Your copy begins at the line with "热爱祖国的名人故事20字有哪些" and runs through the end of the data below. Set down only those lines exactly, without pictures.

Data below:
● ● ● ●

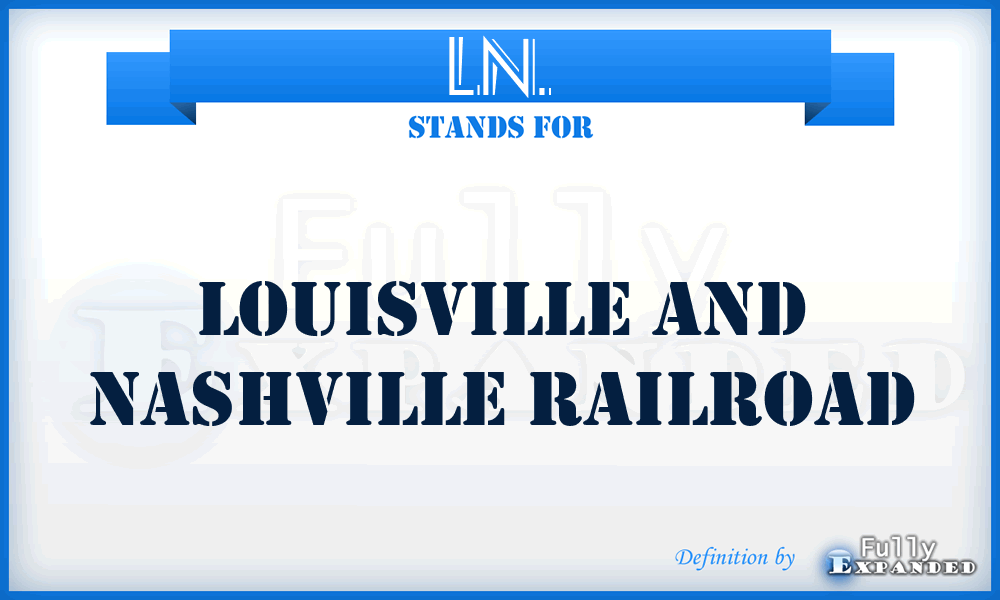 LN. - Louisville And Nashville Railroad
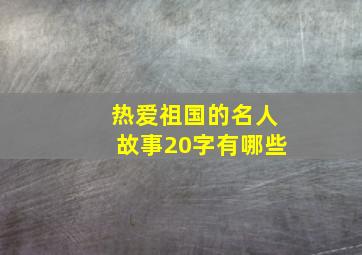 热爱祖国的名人故事20字有哪些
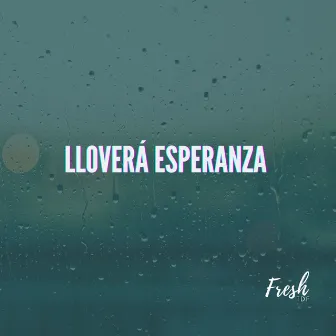 Lloverá Esperanza by Fresh tdf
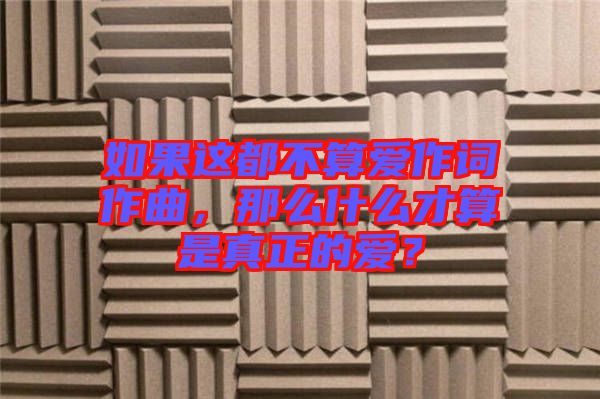 如果這都不算愛(ài)作詞作曲，那么什么才算是真正的愛(ài)？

● ● ● ●

Written response:
 热爱祖国的名人故事20字有哪些
 Lloverá Esperanza by Fresh tdf
 如果這都不算愛(ài)作詞作曲，那么什么才算是真正的愛(ài)？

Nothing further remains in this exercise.